Dejemos de lado la innegable persecución política, inequívocamente dirigida a lograr su desprestigio, por un Fiscal que deja sin acusar a los verdaderos responsables de la omisión: el ex Secretario Toma y el ex Presidente Vázquez; olvidemos la sospechosa desaparición de la carta del Ministro Menéndez (hoy fallecido) dirigida al entonces Presidente en la que le refiere los hechos a ser denunciados y veremos así, como queda muy en claro, la comisión de mismo delito de la “Omisión de denunciar” – que ahora injustificadamente se quiere imputar al General Manini – que fuera perpetrado cuando las declaraciones del ex militar Gilberto Vázquez, en el año 2006. Y eso sí que ni tiene justificación ni explicación admisible.
Finalmente, el argumento jurídico de valor insoslayable, que se empina por encima de cualquier consideración personal o de la afectación de valores individuales, por más importantes y respetables que el involucrado considere, es el de la titularidad de los fueros.
Pues nadie puede renunciar de lo que carece y, en el caso, no es el senador Manini sino el Senado como cuerpo el titular institucional de esa protección, en salvaguarda de aviesas intenciones como la que hoy enfrenta.
Las disposiciones constitucionales que refieren a la actividad legislativa imponen prohibiciones e incompatibilidades, por un lado, y conceden inmunidades por otro, conformando el llamado “Estatuto del legislador”.
Enseñaba Justino Jiménez de Aréchaga en su obra “El Poder Legislativo” de 1886, que desde el Siglo XVII en Inglaterra, se planteaba el problema de la presión de los monarcas sobre sus Asambleas, cuando no acataban sus pretensiones ilegítimas o injustos propósitos.
Del mismo modo en la Francia jacobina, bajo el Terror en la Constitución de 1793, se castigaba a los integrantes de la Asamblea, con acusaciones que muchas veces los llevaron hasta el patíbulo y la guillotina.
Igualmente ocurrió en la Prusia de Bismark donde por los años 1866 eran comunes los apremios para satisfacer deseos o caprichos inapropiados.
Todo ello llevó a la necesidad de proteger la independencia, libertad e integridad de los miembros de las asambleas representativas ante los atropellos o arbitrariedades, cualquiera fuere su procedencia.

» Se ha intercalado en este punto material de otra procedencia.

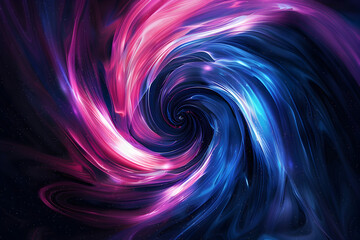 Mesmerizing abstract neon galaxy with swirling pink and blue hues. Captivating art on black background.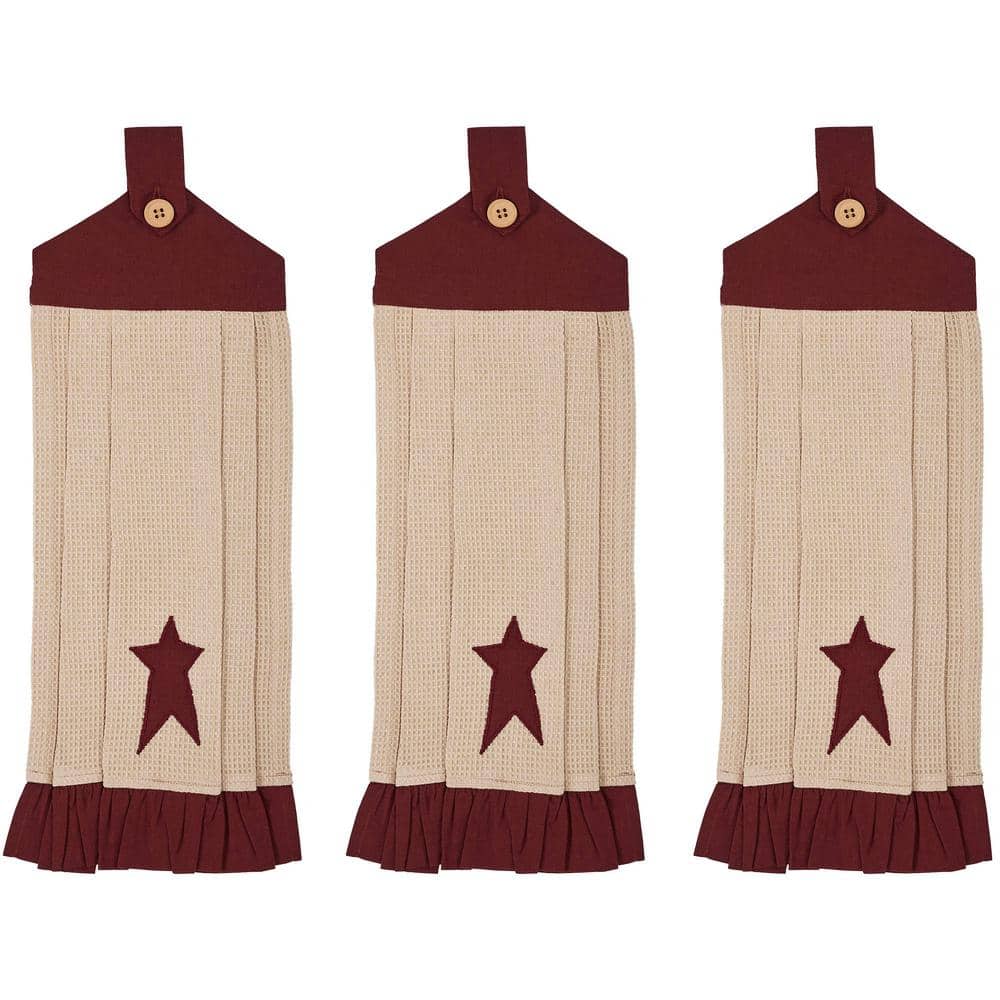 Connell Browns/Tans Star Button Loop Cotton Blend Kitchen Tea Towel Set (Set of 3) - Hercitys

Se generó así una corriente dogmática de amparo que sancionaron todas democracias o monarquías representativas.
Siendo ésa la génesis del instituto, es decir su “ratio legis” resulta claro que los fueros o inmunidades no son un beneficio del legislador, sino una garantía del sistema. Y en este caso, su titular es el Senado.
Es éste, por otra parte, el criterio dominante, desde siempre, en nuestra mejor doctrina.